To fix, I had to do this for CacheMode, IsolationLevel and NodeLockingScheme:
| public CacheMode getCacheMode()
| public void setCacheMode(CacheMode mode)
| public void setCacheMode(String mode) // maybe redundant??
| public String getCacheModeString()
| public void setCacheModeString(String mode)
|
I don't know if it's practical to add a PropertyEditor to MC to handle enum conversions; for now the above is ugly but works.
2) Names of properties in Configuration. Configuration can take 2 different types for each of the 3 complex sub-configurations (BR, cache loading, eviction). These are an Element, for legacy support, and a pojo for configuration via the MC. So, 2 properties for each sub-configuration. Problem is naming these properties; the Element properties already have names, but the naming conventions are inconsistent. Changing the Element properties will break existing config files, so I worked around that when naming the pojo properties. Ugly, completely inconsistent result is:
| // BR
| public Element getBuddyReplicationConfig()
| public void setBuddyReplicationConfig(Element config)
|
| public BuddyReplicationConfig getBuddyReplicationConfiguration()
| public void setBuddyReplicationConfiguration(BuddyReplicationConfig config)
|
| // Cache Loader
| public Element getCacheLoaderConfiguration()

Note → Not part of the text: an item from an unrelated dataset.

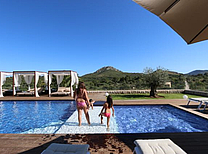 Moderne Landhaus Luxus Villa direkt am Meer und Badestrand an der beliebten Ostküste von Mallorca. Garten mit Pool, Whirlpool, Kinderschwimmbecken und Sommerküche. Alle Schlafzimmer verfügen über SAT - TV und Klimaanlage.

| public void setCacheLoaderConfiguration(Element config)
|
| public CacheLoaderConfig getCacheLoaderConfig()
| public void setCacheLoaderConfig(CacheLoaderConfig config)
|
| // Eviction
| public Element getEvictionPolicyConfig()

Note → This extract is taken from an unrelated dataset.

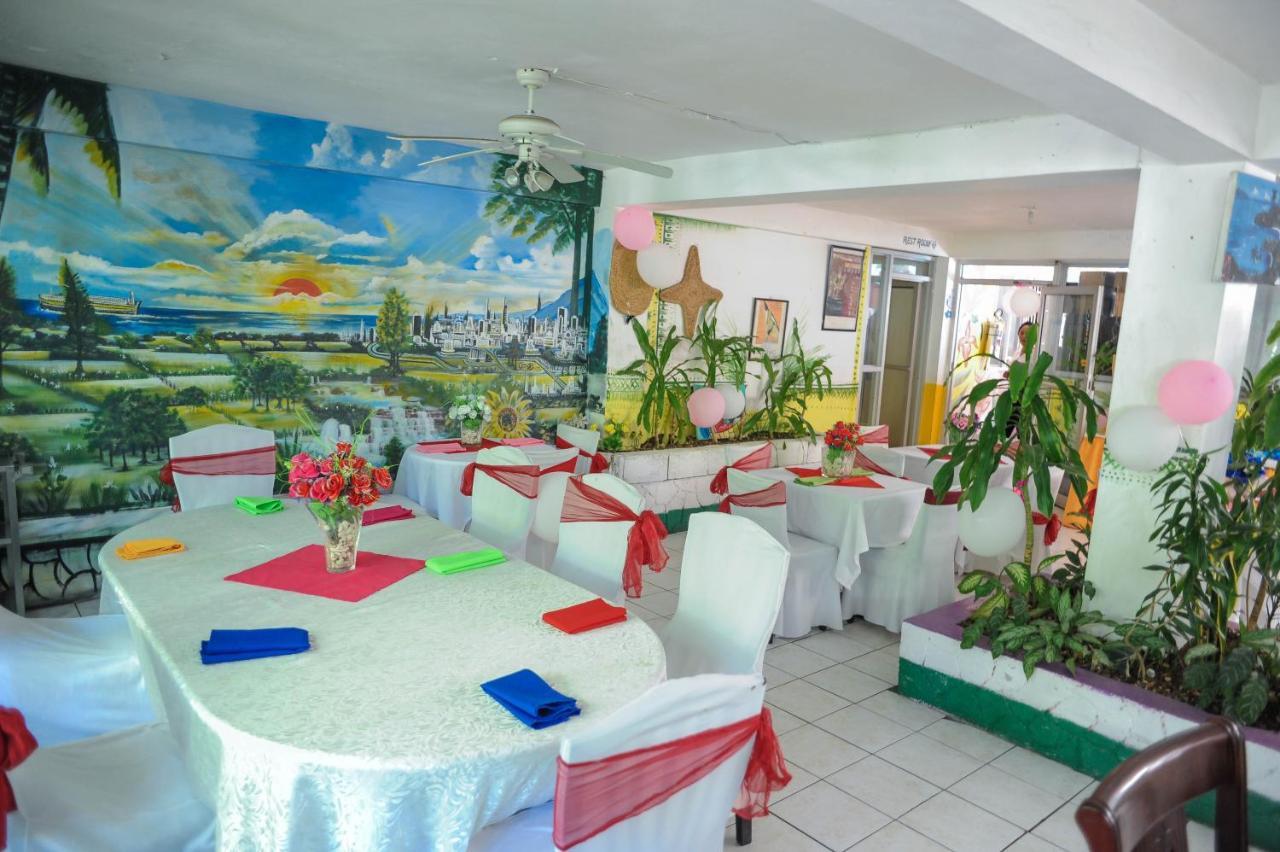Glorianna Hotel Montego Bay Exterior foto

| public void setEvictionPolicyConfig(Element config)
|
| public EvictionConfig getEvictionConfig()
| public void setEvictionConfig(EvictionConfig config)
|
One temptation is to break compatibility with existing config files for BR by swapping the property names. There aren't likely to be many existing configs that have BR. E.g.
| public Element getBuddyReplicationConfiguration()
| public void setBuddyReplicationConfiguration(Element config)
|
| public BuddyReplicationConfig getBuddyReplicationConfig()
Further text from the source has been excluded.